→ **WORK TO COMPLETE**: Nothing but the lines below from the one that contains "Fantastic Gingerbread Man" through the one that contains "Travel/Leisure|Outdoor Jackets<SCHÖFFEL Travel/Leisure|Outdoor" should be retyped, exactly and including both ends. Do not include pictures.

═══ DATA RECORDS ═══

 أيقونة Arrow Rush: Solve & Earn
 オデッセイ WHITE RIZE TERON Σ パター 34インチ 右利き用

═══
═══ DATA RECORDS ═══

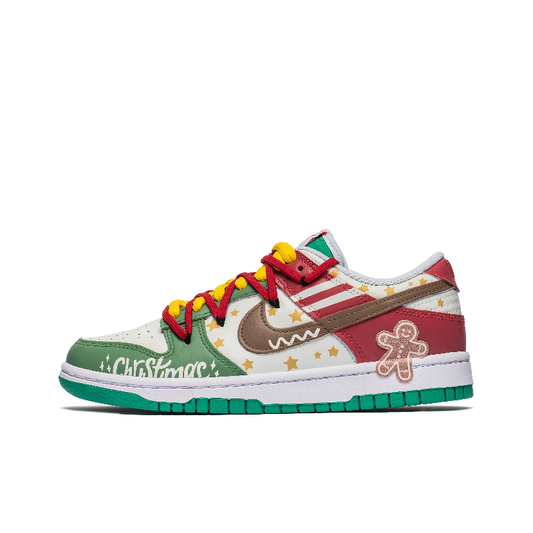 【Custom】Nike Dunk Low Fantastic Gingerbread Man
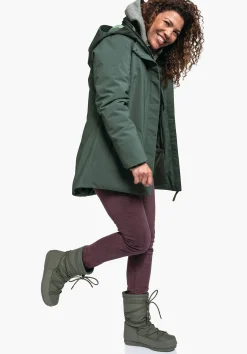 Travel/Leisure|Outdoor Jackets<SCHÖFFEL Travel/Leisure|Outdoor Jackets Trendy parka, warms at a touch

═══

→ **SOLUTION**:
 【Custom】Nike Dunk Low Fantastic Gingerbread Man
 Travel/Leisure|Outdoor Jackets<SCHÖFFEL Travel/Leisure|Outdoor Jackets Trendy parka, warms at a touch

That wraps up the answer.